Food Security in South Sudan
Rose Oliver, pictured on 8 August 2014, says she fled fighting in Juba in December 2013, and moved to the village of Kudo in Eastern Equatoria where she has relatives. She relates that, “There was a little bit of food, and we ate it all, and we had to buy from the market with money. We would buy just one bowl [of sorghum] and it's SSP 7.00. We would make small portions and it would last us seven days. Of course it's not enough, but we would drink water and it will fill the stomach.” She buys sugar on credit and uses it to brew alcohol which she sells to earn an income: “I don't have any other job, so where else can I get money?” Rose is illiterate, saying, “I didn't learn to write because I got married very early, at around 12. I got pregnant, so we went together [she and her husband] to Khartoum.” She relates that her husband was much older; she was his third wife. He has since passed away.
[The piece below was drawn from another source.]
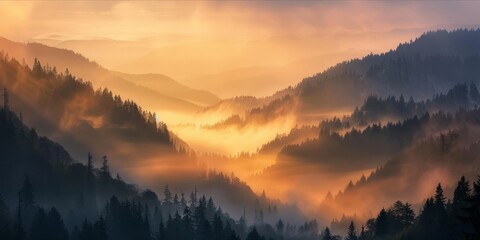 Sunrise over a misty mountain forest.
Due to a combination of drought in some parts of the country, the ravages of pests in others, and instability caused by war, many South Sudanese are facing acute food shortages and possibly famine.
To improve her chances of producing a viable harvest during the coming growing seasons, Rose received two 2kg of sesame seeds, one bucket of unshelled groundnuts, and 2kg of sorghum during a Plan International distribution. She has already planted the sesame and groundnuts, and will plant the sorghum in August, hoping for a good harvest in early 2015.